Quebec City police Chief Denis Turcotte said Thursday his department was investigating two more violent arrests caught on video involving his officers, adding that one officer is involved in at least three separate incidents.
The city's police force has started investigating a total of four separate violent arrests since last weekend, when a video recorded early Saturday morning began circulating online of officers hitting and dragging two Black youth outside a nightclub. That video led to the suspension this week of five officers.
On Thursday, Turcotte told reporters that one of the five suspended police officers is involved in at least three of the four violent arrests under investigation. Turcotte said he remained confident in his force.
“I reiterate my full confidence in my troops," he told a news conference. "They do an essential job for our society. Our city is one of the safest cities in the world and that’s thanks to you, dear colleagues."
Turcotte said Thursday his department opened a third internal investigation. This time, he said, the force was studying a video from Oct. 16 appearing to show a police officer shoving a man into a wall before the man falls to the ground and is handcuffed.
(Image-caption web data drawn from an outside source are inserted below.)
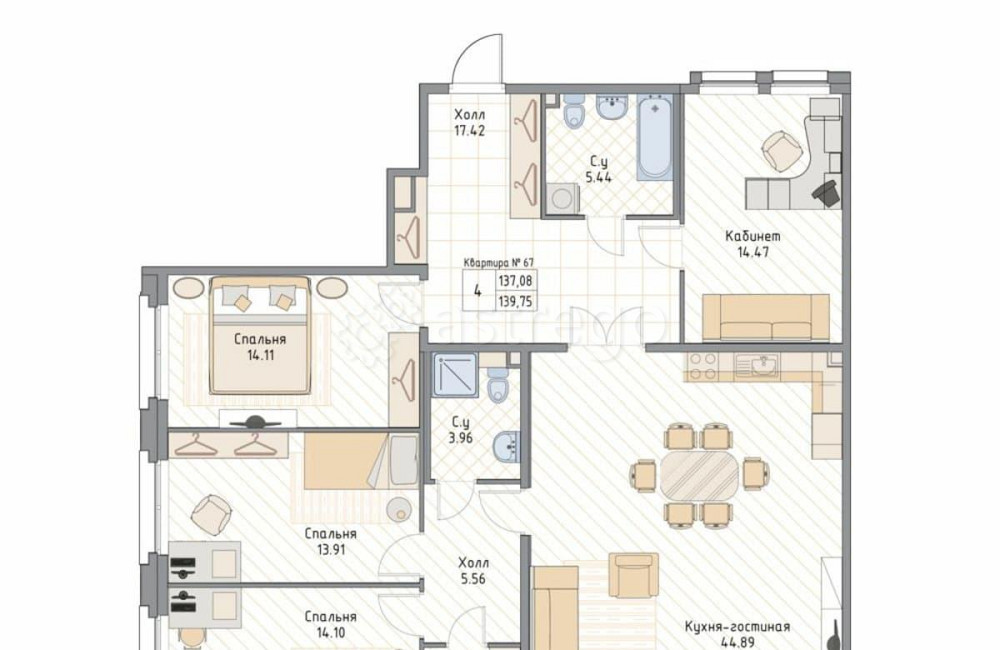 4-комн. квартира, 141.7 м2, 4/9 эт. Санкт-Петербург - изображение 6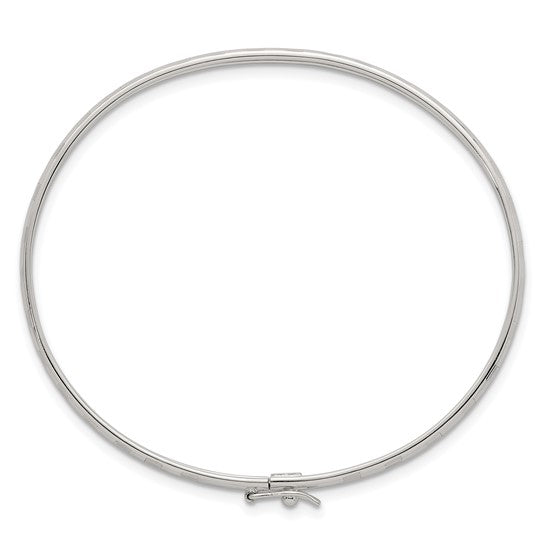 Sterling Silver Polished and Diamond-cut 4.0mm Flexible Bangle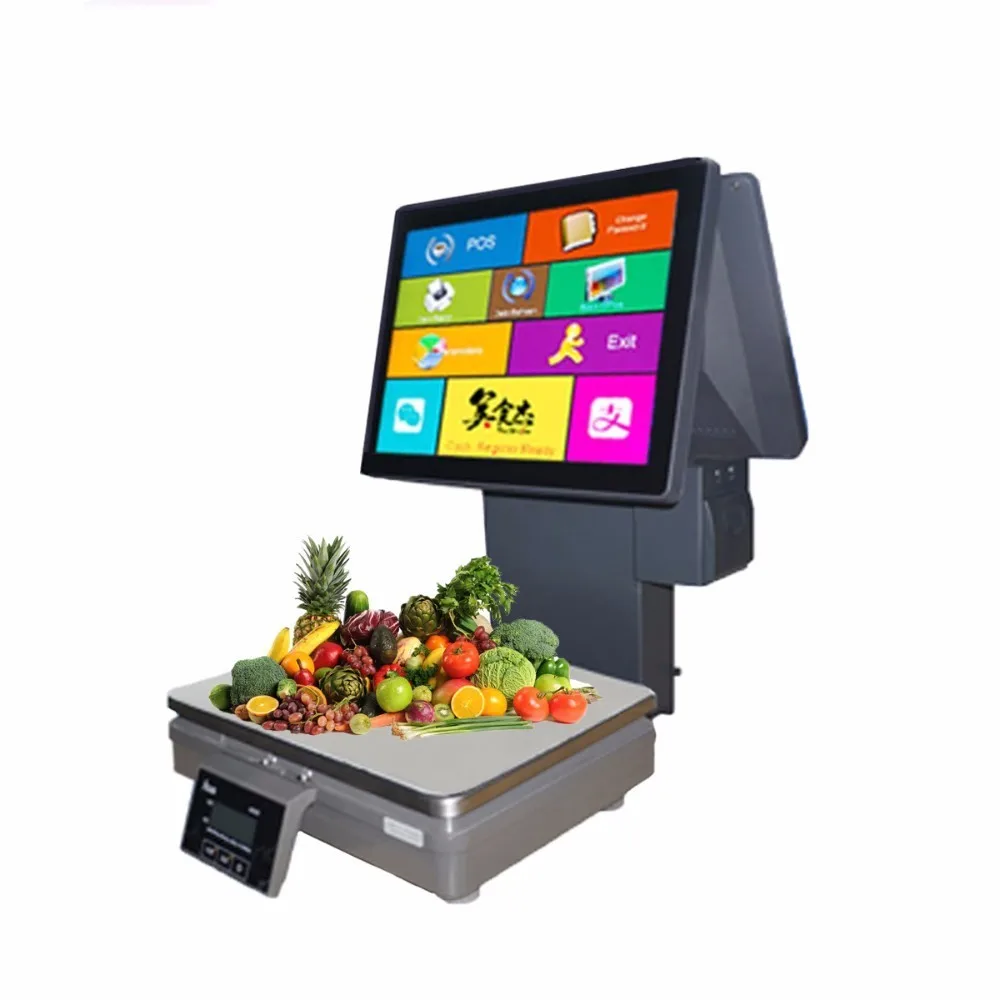 

fruit shop 15kg Electronic price scale with dual 15 inch resistive touch screen LED Display built-in 58mm thermal Printer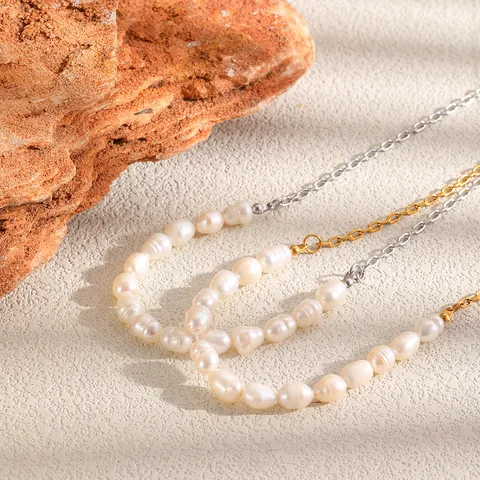 Damen Mode Edelstahl Süßwasserperle Halskette Leichter Luxus Gold Silber Plattiert Geometrisch Individueller Schmuck Geschenk Für Den Alltag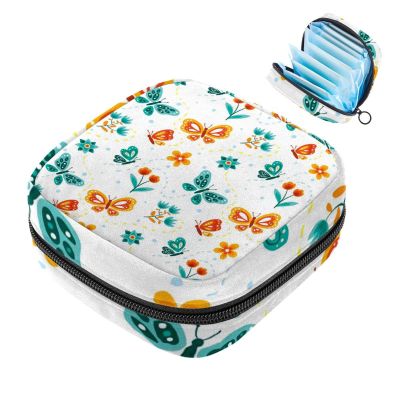 Zippered Menstrual Pouch for Women and Girls, Small Butterflies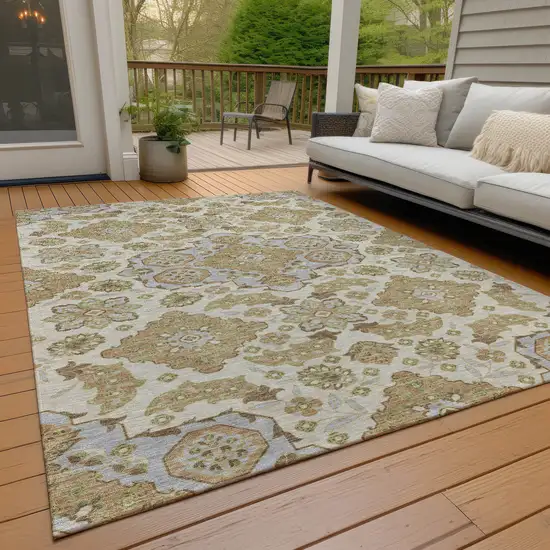 Beige Artichoke Green And Ivory Medallion Washable Indoor Outdoor Area Rug Photo 8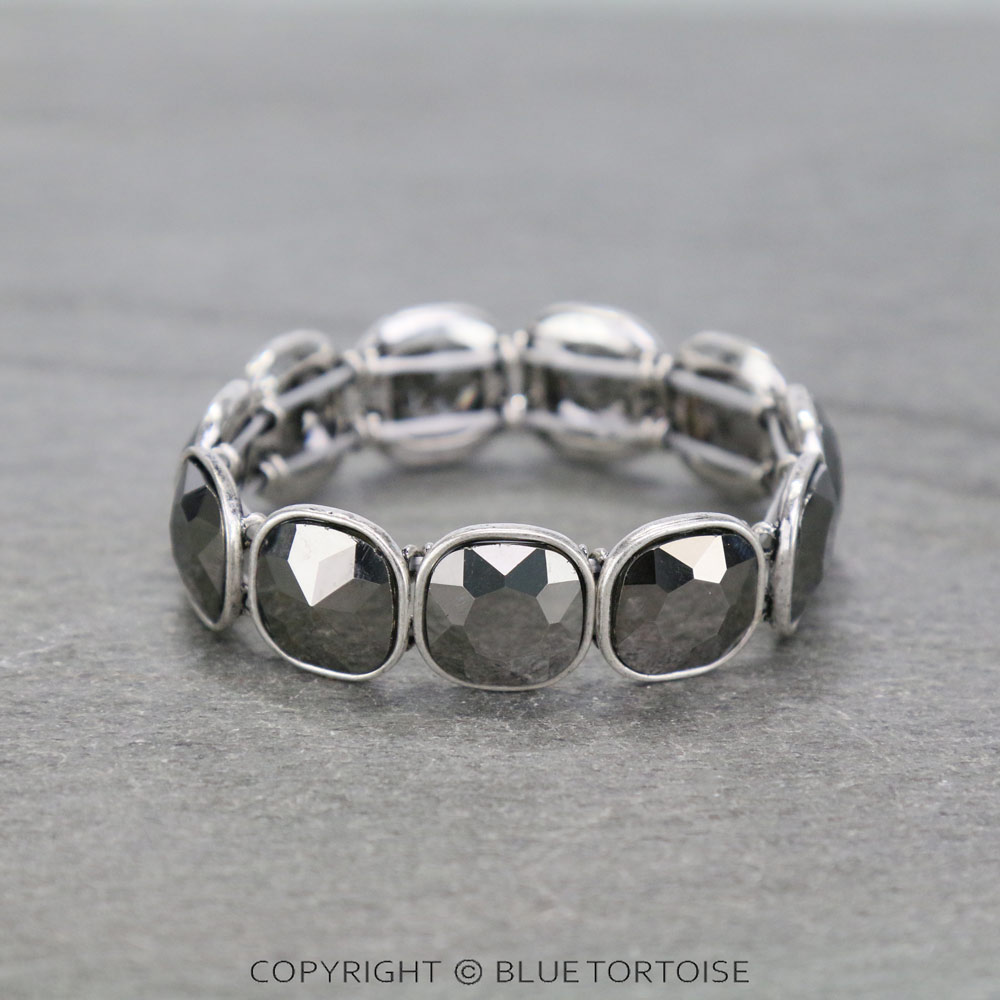 Glass Stone Stretch Bracelet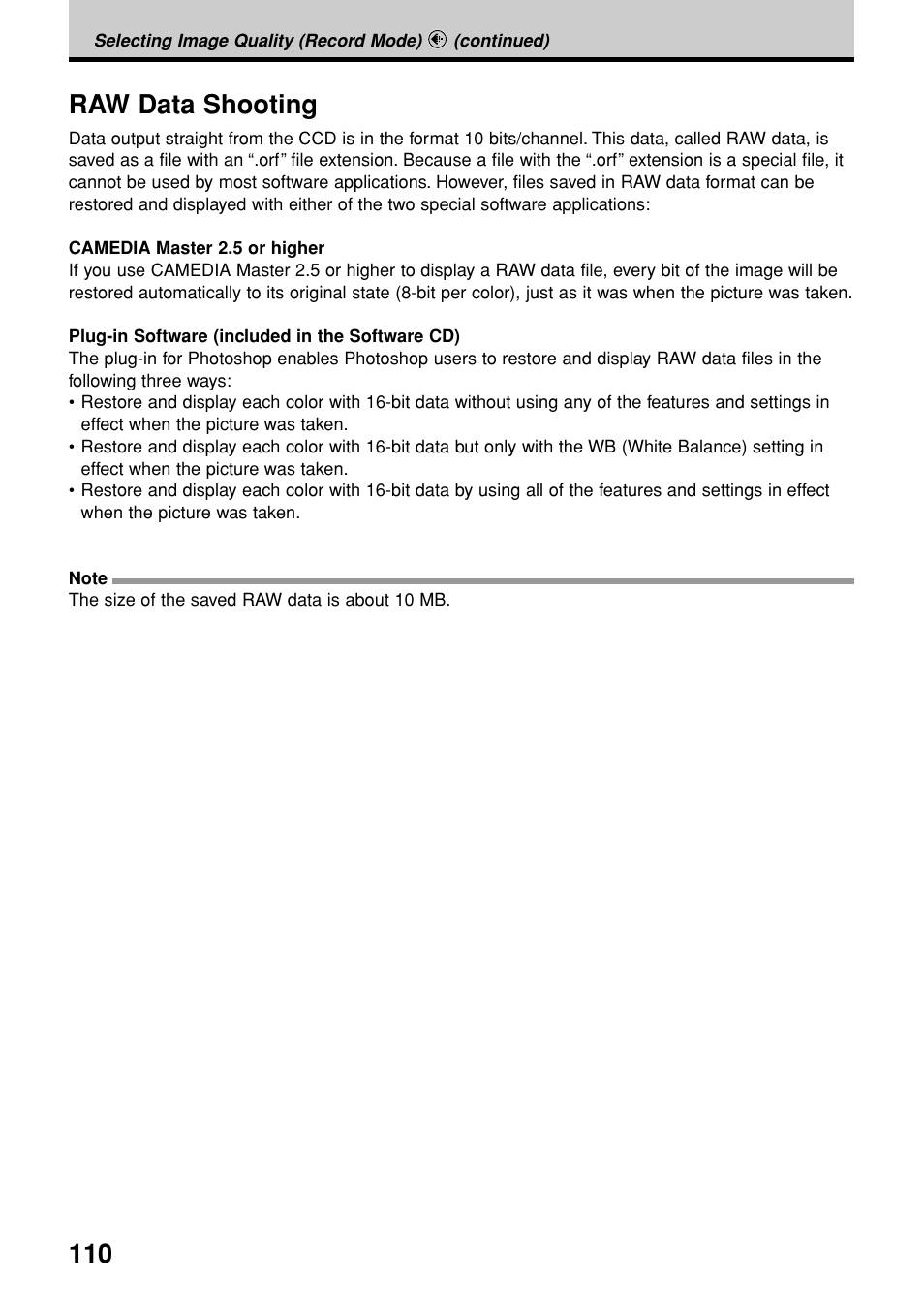 110 raw data shooting | Olympus E-20N User Manual | Page 112 / 216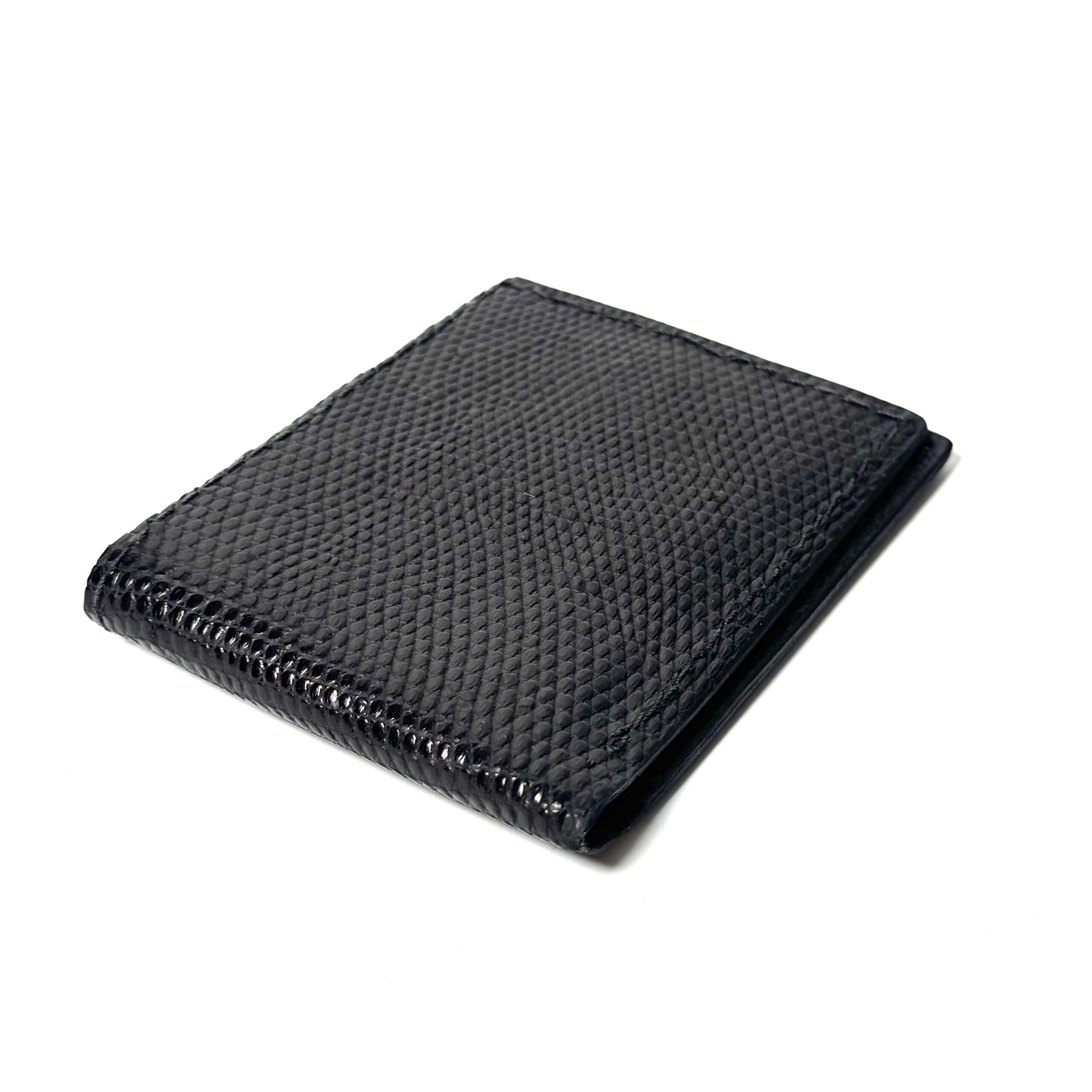 Black real lizard leather bifold wallet handcrafted by Amish leatherworkers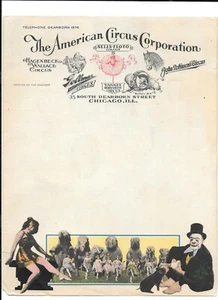 Pieza central de color vintage ilustrada AMERICAN CIRCUS CORP 6 circos - Imagen 1 de 2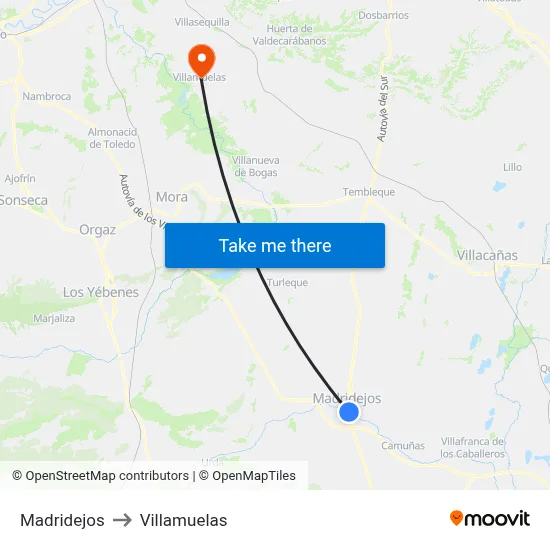 Madridejos to Villamuelas map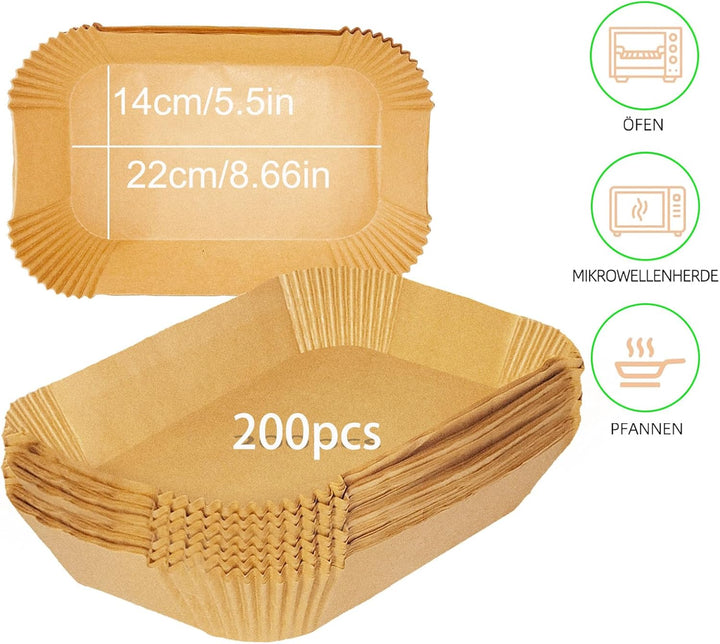 Pulsky Backpapier für Ninja Heissluftfritteuse, 200 Stück Airfryer Papier 22 * 14 CM BPA-Freies, Air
Turcotte said the department is also investigating an incident caught on video in which a police officer is heard swearing at a man and threatening to pepper-spray him before shoving him.
Earlier this week, officials said the province's police ethics commissioner opened independent investigations into two separate violent arrests that occurred last weekend, both of which were video-recorded. One video depicts the violent arrest of a man inside a Quebec City-area restaurant on Friday. The other video involves officers violently arresting two Black youth early Saturday morning.
Turcotte said the four incidents under investigation involve a specialized police squad that patrols the city’s bars. He said the investigations will try and determine what happened before the events that were captured on video.
"We are investigating to know what took place before it happened," he said. "That's where we'll see if it's abusive or not."
Asked about allegations of racial profiling by Quebec police, Turcotte said he didn't want to get into a discussion about the definition of the term, but he said if people feel they have been stopped by police because of their race, they should report it.
The Quebec City police service includes racialized people, Turcotte said, but he said the force has not had a Black officer since the 1990s. That officer, he added, left the force to work in the Montreal region. Turcotte said efforts are being made to diversify the city's police service.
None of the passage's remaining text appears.